Green Electricity Trading in China

Green electricity is produced from non-fossil fuel resources such as wind, solar energy, geothermal heat, and biomasses. Its production generally has a much lower environmental impact compared to that of conventional electricity. Green electricity also conserves limited resources and avoids a large number of greenhouse emissions from fossil fuel combustion. In China, green electricity is mainly generated from wind and solar.  A green power system is a network of green electricity suppliers and consumers. In the power trading market, the suppliers are renewable energy generators, while buyers normally include enterprises and power retailers.

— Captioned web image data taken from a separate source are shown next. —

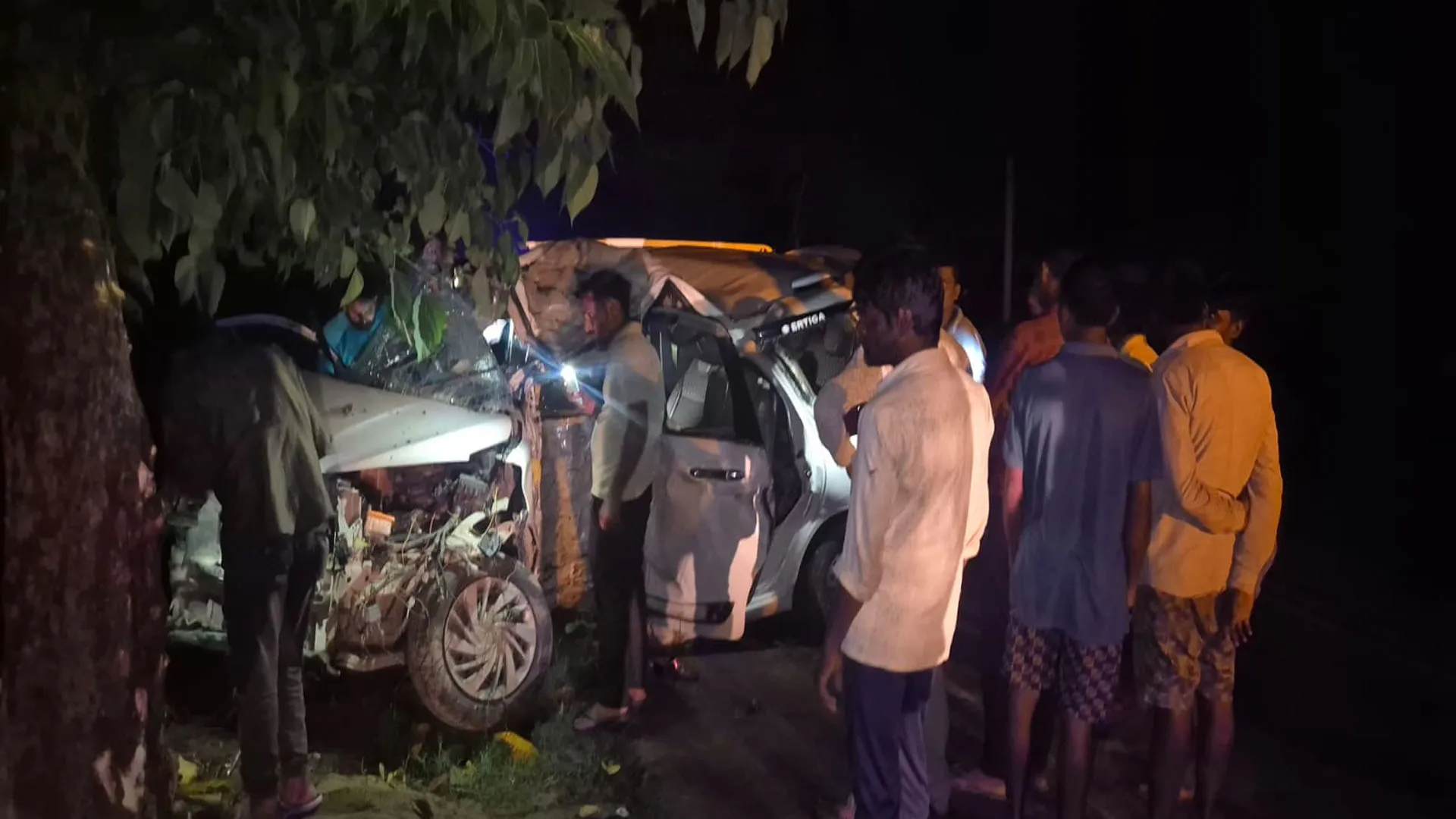 लखीमपुर खीरी: सड़क हादसे में कार सवार पिता-पुत्री और भाभी की मौत, दो घायल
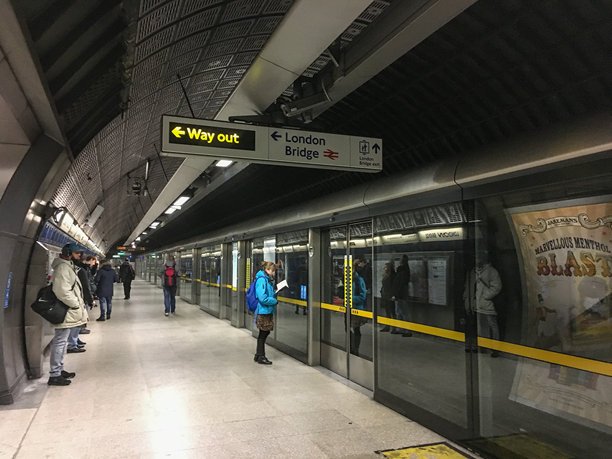伦敦地铁堤岸站图片下载
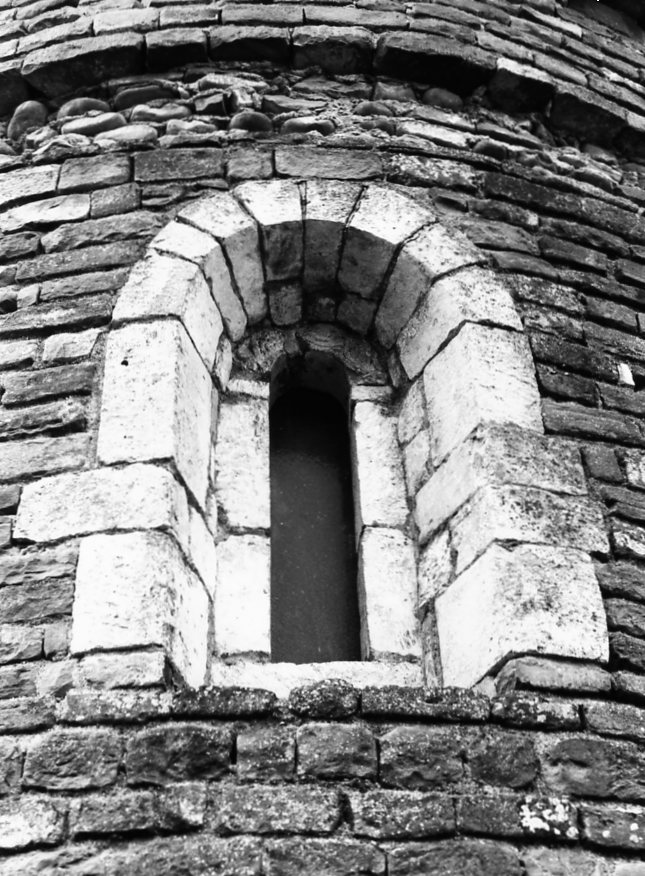 mostra di finestra - bottega marchigiana (secc. XI/ XII)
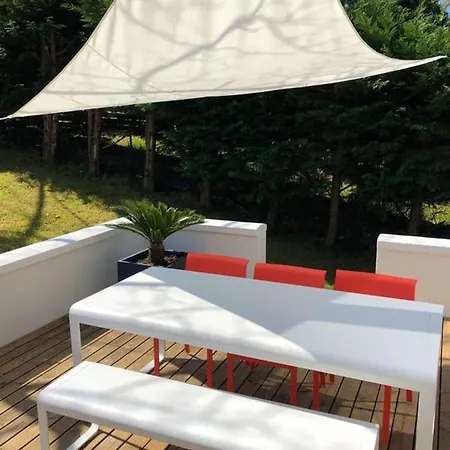 Villa House With 4 Bedrooms In Biarritz With Enclosed Garden And Wifi 1 Km From The Beach *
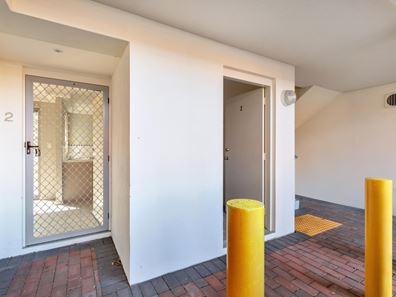 2/329 Sevenoaks Street, Cannington WA 6107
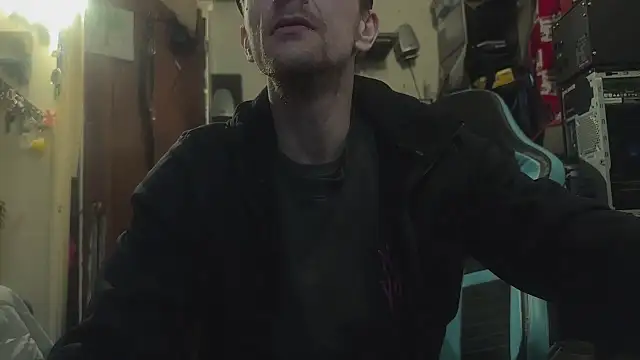 Snapshot of deadpi chatting on 12, 1, 2025 deadpi online show from 12, 1, 2025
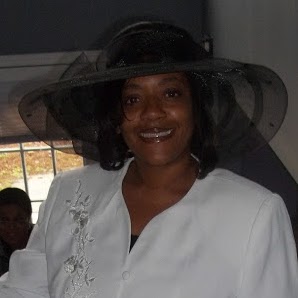 Cassandra Byrd Photo 17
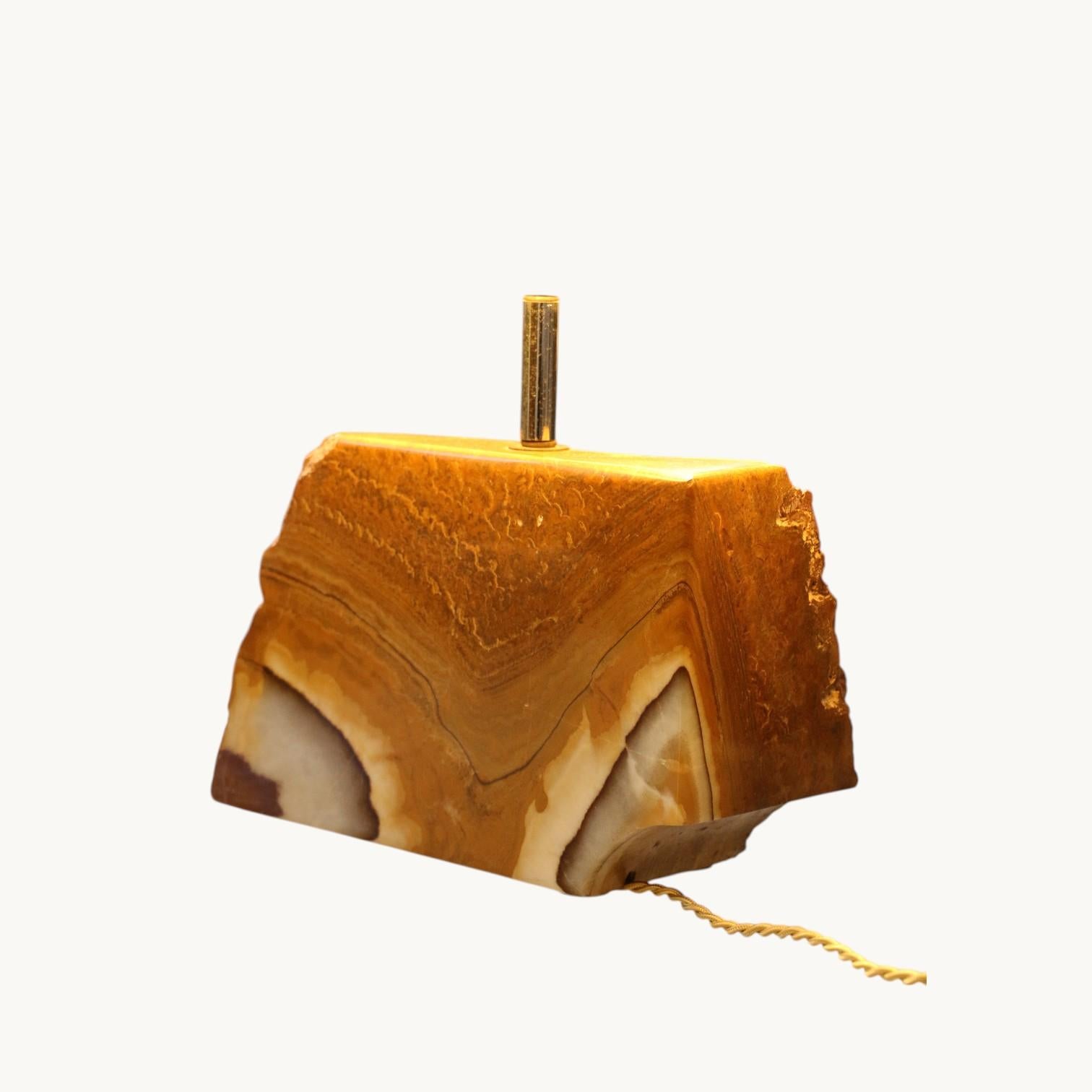 Milieu du XXe siècle Lampe en onyx, France années 60. en vente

The general trading process starts with buyers signing Power Purchase Agreements (PPA) in the green power market with suppliers. Then, the agreed amount of green energy will be allocated to the buyers. According to the new rules published by Beijing Power Exchange Centre, China’s trading system involves two types of transactions: in-province trading and cross-province trading. In-province end users and power retailers can purchase green power directly from a power generation firm within the province, while out-of-province buyers have to bid for renewable products from a distributor recognized at the province level. 

Green Electricity Consumption Certificate

Once the transaction is completed, the end user of green electricity can obtain a Green Electricity Consumption Certificate (as shown in Graph 2) issued and verified by Beijing Power Exchange Center. This certificate enhances the credibility of the trade as it records and makes traceable all the information about the life cycle of the purchased green power. The end user can then use this certificate as evidence of renewable energy use and directly reduce its scope 2 emissions (carbon emissions attributed to purchased energy) in its carbon accounting.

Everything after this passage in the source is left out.